Palin possesses several strengths as a potential candidate. She has demonstrated her ability to pack fundraisers, draw enormous crowds to campaign rallies, and relate to voters on a personal level. For example, she drew an estimated 30,000 to 60,000 individuals to a rally in The Villages, Florida and her PAC raised over 3 million dollars in 2010, mostly from individual contributions. Her populist style of politics has turned her into a celebrity of sorts. She has authored two books and starred in a documentary series about her adventures in the Alaskan outdoors.
Unlike Mitt Romeny, Palin has a strong following among social conservatives and members of the Tea Party.

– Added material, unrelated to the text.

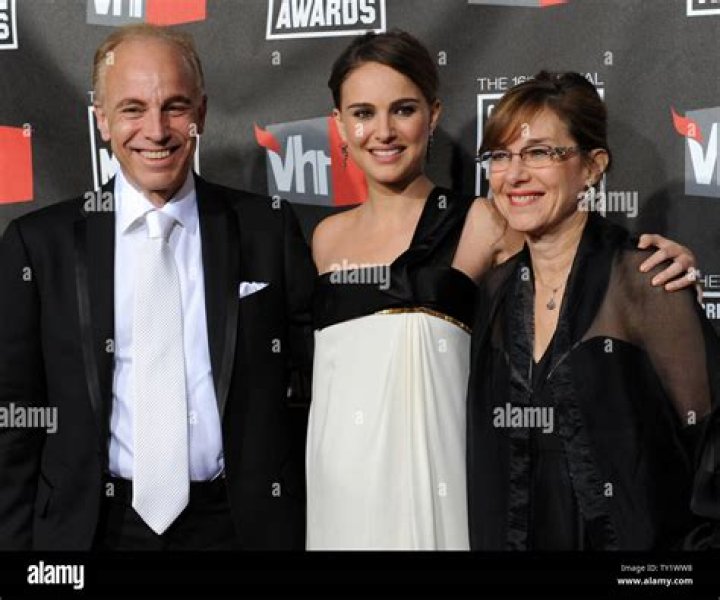 Discovering Avner Hershlag: A Multifaceted Journey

Another major advantage for Palin is her use of social media. Her ability to use “free” media allows her to spend less on paid advertising.
An organized campaign structure and electability concerns are perhaps Palin’s biggest disadvantages. In head to head matchups with the president, Palin currently lags. Republicans, even those who support her, are concerned with her ability to win a general election. However, breaking down the numbers could help ease those concerns.
Analysis of polling data provides a candidate’s “floor," or the minimum percentage of the vote they can expect to receive against any opponent. According to an analysis of polling, Obama’s “floor” is 43% and Palin’s is 39% (Obama +4). A “floor” determines a candidate’s solid support and eliminates volatile support that can be changed by acquiring information. Likely, things could not get worse for Palin; she has arguably received more negative media coverage than any other political figure. Voters will have the opportunity to acquire information if Palin is given the opportunity to speak during debates, through advertising and speeches.
Perhaps her greatest challenge will be overcoming the perception that she lacks substance on policy issues. She has begun taking recent steps to increase her policy credentials including a recent trip to India and Israel.
Similar to the early political career of President Ronald Reagan, Palin has been portrayed as lacking the knowledge and credentials to be president of the United States. Her challenge will be to prove them wrong. Is she up to the challenge? Time will tell, but the self-described “hockey mom” continues to surprise. I am still not convinced she will run, but do not count her out for 2012. She thrives on being the underdog. I do know she will be a powerful influence moving forward.